The current Republican majority in the U.S. Congress and the Trump administration are considering putting an end to the National Endowment for the Arts, which would be a most unfortunate decision.
Since 1965, when the NEA was founded by an act of Congress, the agency has given a couple of hundred thousands of grants that have helped keep alive this great nation’s vibrant arts, both traditional and cutting-edge.
As often happens, unfortunately, when talk comes down to budget-cutting, the arts are often first on the chopping block, with too many uninformed people considering arts as frivolous fluff, not essential or – worse – subversive of traditional values. Years ago, in the late 1980s, there was a big push to end the NEA because of a handful of controversial art works, some of them denounced as blatantly obscene and/or disturbing. Some were, in fact, disturbing. And many great artworks, such as Picasso’s monumental Guernica, are disturbing – goads to our conscience. Such strange works three decades ago outraged some conservatives who were eager to throw out the baby with the bathwater. Fortunately, the NEA survived, largely because many enlightened conservatives who cherish and nurture the arts yelled “Whoa!”
The arts have enriched all of our lives in ways we don’t often think about. Some of the arts supported by the NEA include the following: folk and traditional arts, literature, local art agencies, museums, media arts, design, arts education in schools, dance, theater, opera, music and visual arts such as painting, print-making, sculpture and so much more.

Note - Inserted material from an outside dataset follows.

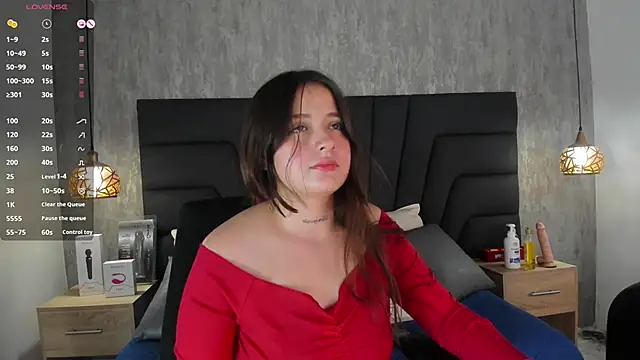 Snapshot of Sabrina_Lennox chatting on March 9, 2025, 1:35 am Sabrina Lennox online show from March 9, 2025, 1:35 am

Arts are what help make us fully-realized human beings in a civilized society, and every great society in history all the way back to antiquity has supported and nurtured the arts, as the world’s magnificent museums so eloquently testify. Societies that are not civilized, that thrive on barbarism, cannot tolerate art works because they view the arts as a threat to their twisted ideologies. Hitler’s regime and ISIS are two examples of art-haters that went on rampages, smashing and destroying as ISIS goons recently did in the ancient ruins of Palmyra, and in Syrian and Iraqi museums.

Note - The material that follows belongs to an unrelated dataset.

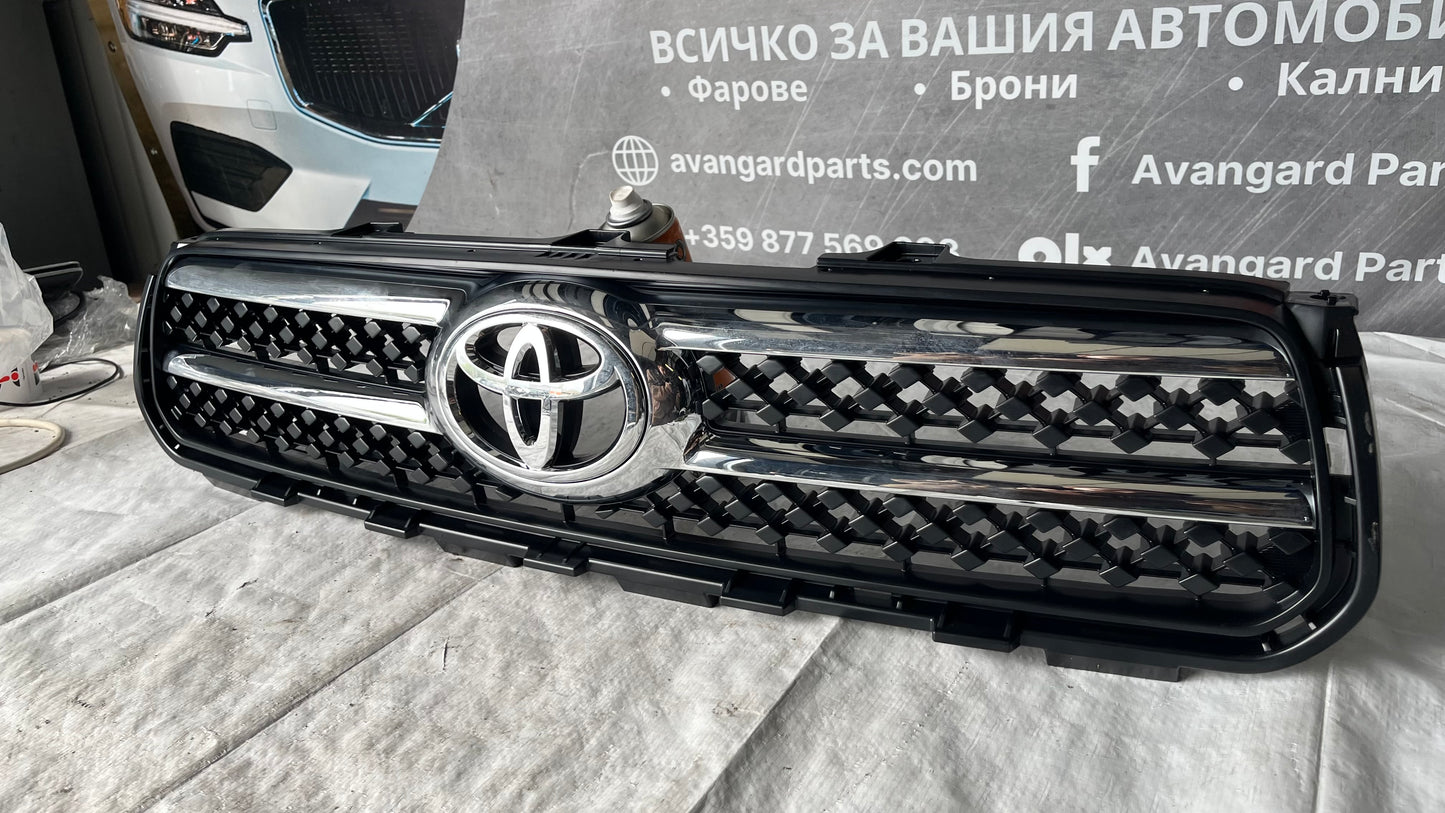 Предна решетка Toyota RAV 4 (2005-2008)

Thriving arts are dependent upon open minds and vigorous democracies. People who interact with arts and are enlivened by arts have a low tolerance for rigid ideologies and intolerant behaviors.
The NEA is “dedicated to supporting excellence in the arts, both new and established; bringing the arts to all Americans; and providing leadership in arts education.”
The annual budget of the NEA is about $146 million, a tiny fraction of the entire national budget. To kill the NEA would be a grave mistake, cutting off nose to spite face, a cynical move, a darkening of the light of American civilization.
We should loudly oppose ending this indispensable arts agency. Tell national legislators, “Do not kill the NEA.”